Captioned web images
○ ○ ○ ○ ○ ○ ○

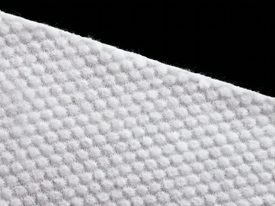 100% Viscose Spunlace Nonwoven Fabric For Disposable Bath Towel(1).jpg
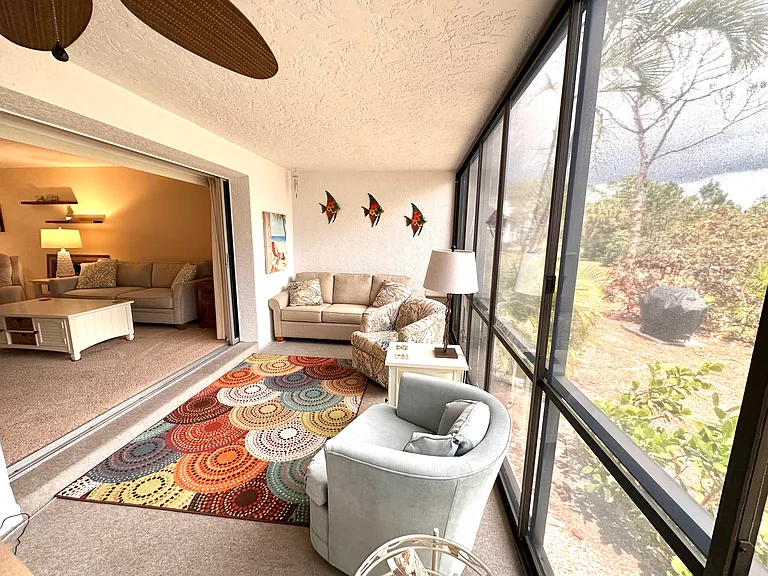 6800 Placida Rd #1003 — Photo 71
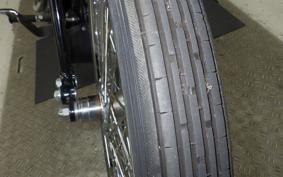 HARLEY FXSTS 1340 1991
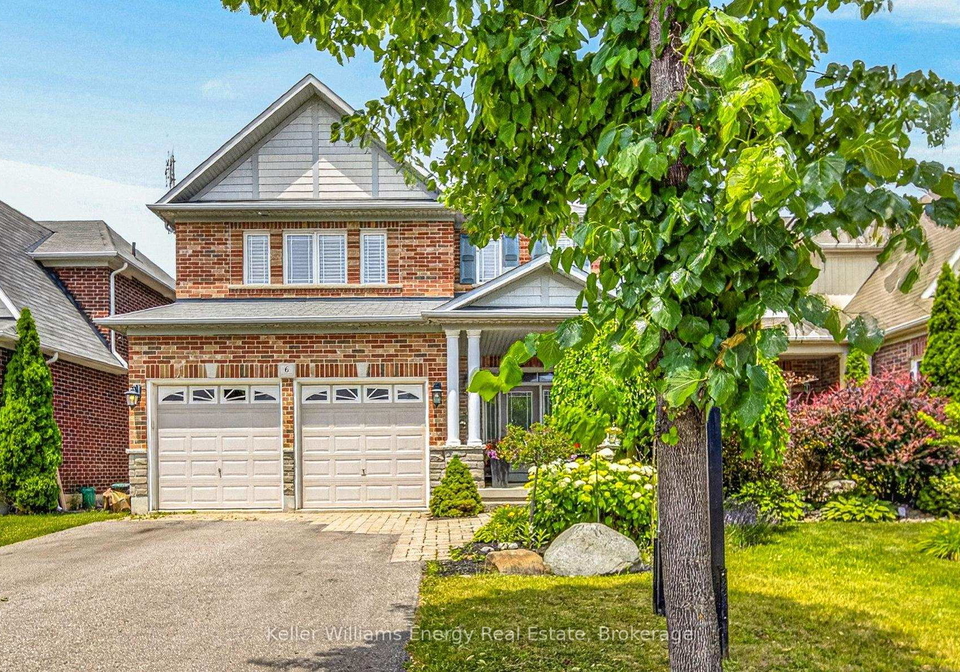 6-oke-road-clarington-ontario-e13511330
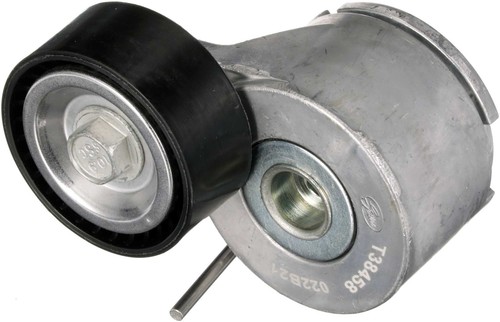 Gates t38458 belt - t38458, tensioner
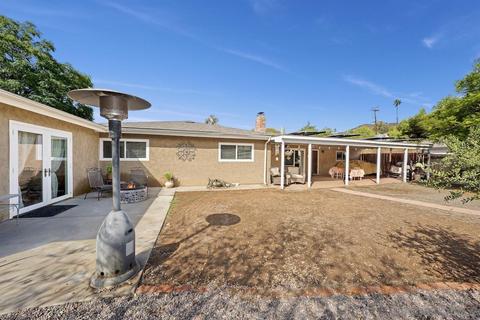 6038 Dehesa Rd, El Cajon, CA 92019 photo 26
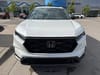 2 thumbnail image of  2024 Honda CR-V Hybrid Sport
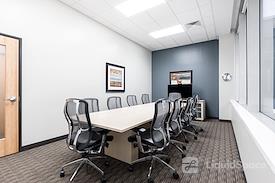 Regus | Downtown Bridgeport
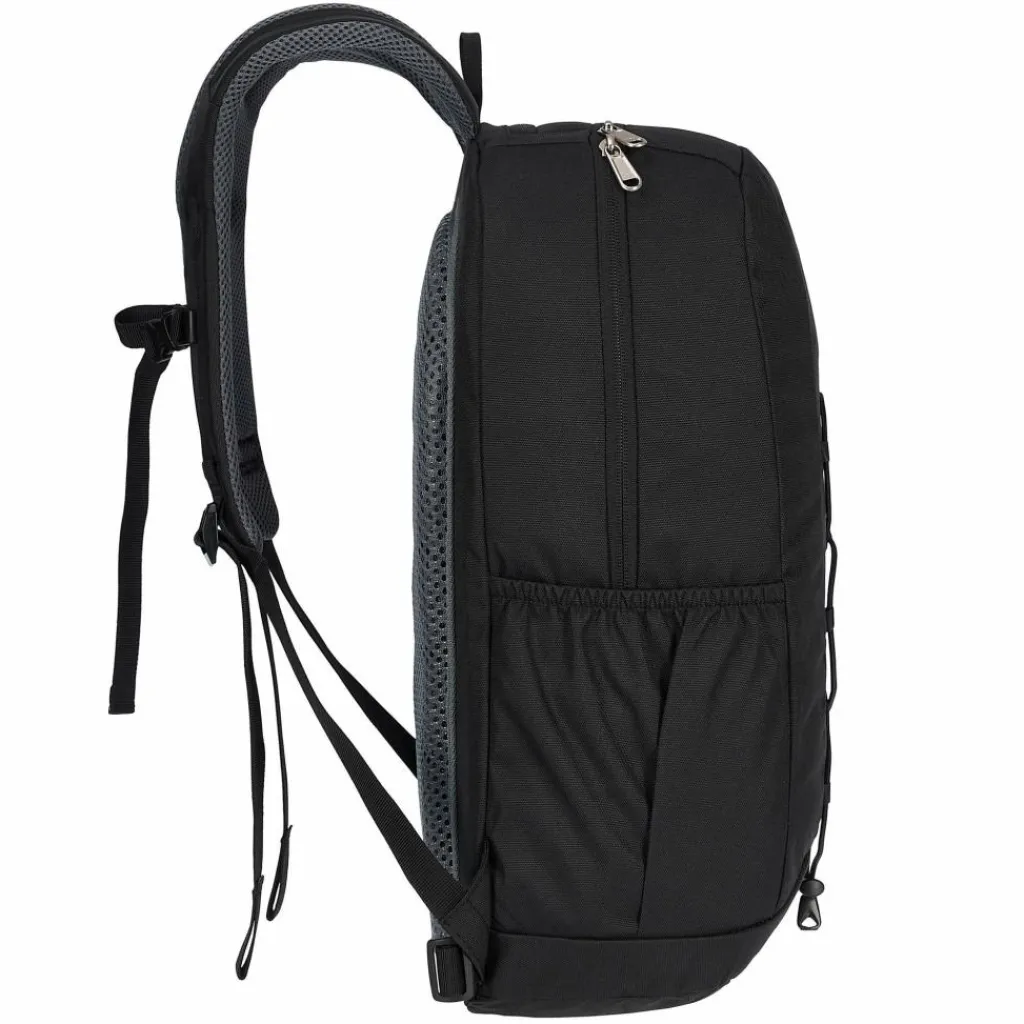 Deuter GOGO - Tagesrucksack^ Tagesrucksäcke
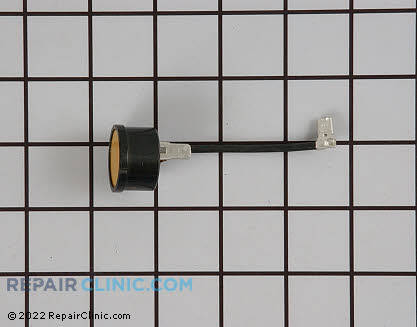 No longer available 160300430084 Main Product View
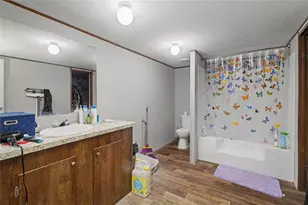 1343 Prior Station Rd, Cedartown, GA 30125 - Photo 22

○ ○ ○ ○ ○ ○ ○

▶ [What is being asked] What is needed is an exact output of the records above, with every picture left out.

▶ [Your response]
 100% Viscose Spunlace Nonwoven Fabric For Disposable Bath Towel(1).jpg
 6800 Placida Rd #1003 — Photo 71
 HARLEY FXSTS 1340 1991
 6-oke-road-clarington-ontario-e13511330
 Gates t38458 belt - t38458, tensioner
 6038 Dehesa Rd, El Cajon, CA 92019 photo 26
 2 thumbnail image of  2024 Honda CR-V Hybrid Sport
 Regus | Downtown Bridgeport
 Deuter GOGO - Tagesrucksack^ Tagesrucksäcke
 No longer available 160300430084 Main Product View
 1343 Prior Station Rd, Cedartown, GA 30125 - Photo 22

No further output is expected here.